Records contained in a dataset:
☆ ☆ ☆
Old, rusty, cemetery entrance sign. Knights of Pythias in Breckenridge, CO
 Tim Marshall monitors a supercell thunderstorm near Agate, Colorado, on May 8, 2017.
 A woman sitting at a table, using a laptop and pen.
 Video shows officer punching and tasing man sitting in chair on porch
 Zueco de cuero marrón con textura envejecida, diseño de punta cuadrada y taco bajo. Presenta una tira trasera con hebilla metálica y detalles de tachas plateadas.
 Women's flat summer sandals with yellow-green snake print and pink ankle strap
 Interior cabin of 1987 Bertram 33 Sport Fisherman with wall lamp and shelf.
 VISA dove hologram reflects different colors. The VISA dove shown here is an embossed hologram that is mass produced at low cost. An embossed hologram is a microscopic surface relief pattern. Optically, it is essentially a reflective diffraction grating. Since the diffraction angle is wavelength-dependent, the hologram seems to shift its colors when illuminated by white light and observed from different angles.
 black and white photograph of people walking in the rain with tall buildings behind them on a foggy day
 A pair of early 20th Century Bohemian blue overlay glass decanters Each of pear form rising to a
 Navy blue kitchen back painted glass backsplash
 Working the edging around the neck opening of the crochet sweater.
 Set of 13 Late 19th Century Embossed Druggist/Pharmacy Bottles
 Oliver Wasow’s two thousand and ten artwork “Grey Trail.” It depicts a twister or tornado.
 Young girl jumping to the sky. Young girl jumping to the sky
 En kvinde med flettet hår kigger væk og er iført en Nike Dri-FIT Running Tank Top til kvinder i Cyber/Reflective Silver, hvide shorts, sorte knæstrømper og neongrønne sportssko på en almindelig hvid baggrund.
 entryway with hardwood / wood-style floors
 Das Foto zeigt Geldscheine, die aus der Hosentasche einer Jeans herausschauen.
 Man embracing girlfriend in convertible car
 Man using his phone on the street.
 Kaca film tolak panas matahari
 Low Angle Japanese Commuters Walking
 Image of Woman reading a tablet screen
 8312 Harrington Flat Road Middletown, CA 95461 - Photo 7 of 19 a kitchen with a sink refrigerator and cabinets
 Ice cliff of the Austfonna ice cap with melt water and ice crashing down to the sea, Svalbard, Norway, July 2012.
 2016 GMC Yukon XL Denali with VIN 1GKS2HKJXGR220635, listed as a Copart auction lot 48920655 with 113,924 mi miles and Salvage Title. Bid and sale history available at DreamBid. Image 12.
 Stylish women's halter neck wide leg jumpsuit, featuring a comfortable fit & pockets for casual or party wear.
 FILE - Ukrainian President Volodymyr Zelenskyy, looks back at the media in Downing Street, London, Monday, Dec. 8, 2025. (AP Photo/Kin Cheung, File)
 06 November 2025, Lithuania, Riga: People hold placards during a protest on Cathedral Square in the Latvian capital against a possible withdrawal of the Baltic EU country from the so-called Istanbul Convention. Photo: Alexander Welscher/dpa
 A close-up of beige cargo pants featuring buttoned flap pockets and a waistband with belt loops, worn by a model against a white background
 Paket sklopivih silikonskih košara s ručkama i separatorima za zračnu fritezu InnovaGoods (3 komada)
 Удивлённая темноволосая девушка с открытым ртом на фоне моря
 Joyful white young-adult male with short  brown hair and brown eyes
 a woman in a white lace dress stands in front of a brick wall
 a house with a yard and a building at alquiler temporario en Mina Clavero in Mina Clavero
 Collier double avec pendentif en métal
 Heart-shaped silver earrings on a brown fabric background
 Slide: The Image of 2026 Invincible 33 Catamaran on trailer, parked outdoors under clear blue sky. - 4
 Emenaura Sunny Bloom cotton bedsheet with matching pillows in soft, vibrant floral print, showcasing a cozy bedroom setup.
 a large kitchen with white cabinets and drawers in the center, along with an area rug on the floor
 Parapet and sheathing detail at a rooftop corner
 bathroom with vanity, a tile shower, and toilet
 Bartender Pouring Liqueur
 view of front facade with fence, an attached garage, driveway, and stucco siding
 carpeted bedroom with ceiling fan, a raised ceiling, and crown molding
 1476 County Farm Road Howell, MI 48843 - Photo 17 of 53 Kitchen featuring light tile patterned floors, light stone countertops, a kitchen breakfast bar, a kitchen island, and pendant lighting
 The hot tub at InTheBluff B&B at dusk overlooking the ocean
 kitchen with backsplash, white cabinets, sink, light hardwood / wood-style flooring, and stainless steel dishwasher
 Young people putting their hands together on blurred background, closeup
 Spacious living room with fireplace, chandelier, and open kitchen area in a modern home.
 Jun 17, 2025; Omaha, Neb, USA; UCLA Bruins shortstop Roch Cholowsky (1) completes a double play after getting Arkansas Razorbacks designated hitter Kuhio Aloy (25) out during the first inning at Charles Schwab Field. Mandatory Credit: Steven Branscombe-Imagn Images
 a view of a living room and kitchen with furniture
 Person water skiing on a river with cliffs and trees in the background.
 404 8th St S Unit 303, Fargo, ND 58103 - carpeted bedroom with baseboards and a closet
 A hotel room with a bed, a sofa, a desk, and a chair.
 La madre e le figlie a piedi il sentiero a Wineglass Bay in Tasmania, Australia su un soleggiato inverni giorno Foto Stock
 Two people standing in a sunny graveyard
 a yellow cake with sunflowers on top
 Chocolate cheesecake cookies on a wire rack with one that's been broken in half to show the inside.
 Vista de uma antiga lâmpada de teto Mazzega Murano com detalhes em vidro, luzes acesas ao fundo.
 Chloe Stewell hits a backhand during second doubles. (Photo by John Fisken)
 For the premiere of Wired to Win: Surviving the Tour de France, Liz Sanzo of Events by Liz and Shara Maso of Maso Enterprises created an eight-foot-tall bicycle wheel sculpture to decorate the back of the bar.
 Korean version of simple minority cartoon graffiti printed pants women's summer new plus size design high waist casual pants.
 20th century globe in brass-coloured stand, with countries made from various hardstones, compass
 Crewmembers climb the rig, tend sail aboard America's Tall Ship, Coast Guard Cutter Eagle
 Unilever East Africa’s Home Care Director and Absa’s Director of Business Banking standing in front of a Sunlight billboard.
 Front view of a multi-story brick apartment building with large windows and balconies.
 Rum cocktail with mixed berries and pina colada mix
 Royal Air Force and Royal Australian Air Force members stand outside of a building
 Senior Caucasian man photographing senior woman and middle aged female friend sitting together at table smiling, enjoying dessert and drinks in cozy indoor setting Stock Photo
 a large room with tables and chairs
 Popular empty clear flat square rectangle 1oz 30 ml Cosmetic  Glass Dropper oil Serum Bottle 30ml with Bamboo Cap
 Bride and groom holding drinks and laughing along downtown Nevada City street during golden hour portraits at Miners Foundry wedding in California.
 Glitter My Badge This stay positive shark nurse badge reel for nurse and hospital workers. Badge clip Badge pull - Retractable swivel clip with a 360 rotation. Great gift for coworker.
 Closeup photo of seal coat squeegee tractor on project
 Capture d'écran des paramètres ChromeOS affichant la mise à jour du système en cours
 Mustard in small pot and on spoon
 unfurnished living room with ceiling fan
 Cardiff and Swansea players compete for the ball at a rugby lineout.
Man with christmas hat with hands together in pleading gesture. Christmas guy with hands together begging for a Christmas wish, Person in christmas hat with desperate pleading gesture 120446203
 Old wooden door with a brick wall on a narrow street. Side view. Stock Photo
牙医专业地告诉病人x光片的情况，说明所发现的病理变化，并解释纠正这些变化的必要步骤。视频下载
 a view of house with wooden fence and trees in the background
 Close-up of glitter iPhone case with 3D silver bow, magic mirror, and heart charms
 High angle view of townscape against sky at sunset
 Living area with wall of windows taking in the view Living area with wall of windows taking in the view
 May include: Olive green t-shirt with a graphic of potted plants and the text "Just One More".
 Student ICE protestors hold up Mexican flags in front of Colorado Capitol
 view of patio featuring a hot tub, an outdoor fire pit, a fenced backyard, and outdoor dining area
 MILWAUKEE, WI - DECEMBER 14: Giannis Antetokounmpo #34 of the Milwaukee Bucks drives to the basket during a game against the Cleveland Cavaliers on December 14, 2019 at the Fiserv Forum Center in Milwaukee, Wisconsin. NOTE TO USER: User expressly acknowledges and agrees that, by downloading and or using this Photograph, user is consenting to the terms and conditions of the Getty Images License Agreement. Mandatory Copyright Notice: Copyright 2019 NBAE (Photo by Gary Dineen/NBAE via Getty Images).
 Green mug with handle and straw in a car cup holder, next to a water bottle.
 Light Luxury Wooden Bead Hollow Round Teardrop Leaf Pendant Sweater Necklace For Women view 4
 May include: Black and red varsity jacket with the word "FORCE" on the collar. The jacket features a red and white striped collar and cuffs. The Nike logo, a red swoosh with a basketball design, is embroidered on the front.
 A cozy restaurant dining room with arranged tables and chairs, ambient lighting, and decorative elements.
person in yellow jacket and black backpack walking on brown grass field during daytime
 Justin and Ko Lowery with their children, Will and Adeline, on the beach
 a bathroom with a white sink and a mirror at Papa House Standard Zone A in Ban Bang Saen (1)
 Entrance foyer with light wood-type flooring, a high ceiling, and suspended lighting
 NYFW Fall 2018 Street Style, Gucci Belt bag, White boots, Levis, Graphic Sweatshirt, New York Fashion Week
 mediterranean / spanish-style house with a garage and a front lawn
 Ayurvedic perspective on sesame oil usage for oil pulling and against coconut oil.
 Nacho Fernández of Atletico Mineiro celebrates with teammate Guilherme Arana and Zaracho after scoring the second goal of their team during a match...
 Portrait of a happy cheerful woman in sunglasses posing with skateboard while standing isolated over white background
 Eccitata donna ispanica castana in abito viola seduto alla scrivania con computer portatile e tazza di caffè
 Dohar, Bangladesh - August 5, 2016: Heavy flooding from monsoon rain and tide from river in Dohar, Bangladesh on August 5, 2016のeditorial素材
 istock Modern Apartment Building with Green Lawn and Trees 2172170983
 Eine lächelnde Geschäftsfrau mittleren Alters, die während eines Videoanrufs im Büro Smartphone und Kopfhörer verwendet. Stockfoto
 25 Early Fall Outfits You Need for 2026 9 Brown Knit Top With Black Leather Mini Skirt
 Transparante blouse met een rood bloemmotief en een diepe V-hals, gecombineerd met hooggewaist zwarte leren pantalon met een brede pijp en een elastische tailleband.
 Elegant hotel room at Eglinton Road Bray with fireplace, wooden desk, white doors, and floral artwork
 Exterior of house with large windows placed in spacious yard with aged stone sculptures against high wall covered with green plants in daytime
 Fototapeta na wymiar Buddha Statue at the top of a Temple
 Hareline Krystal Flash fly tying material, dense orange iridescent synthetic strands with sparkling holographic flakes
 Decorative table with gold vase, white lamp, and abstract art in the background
☆ ☆ ☆
Looking at the records above, how many lines contain "wall"? Answer with the number alone.

5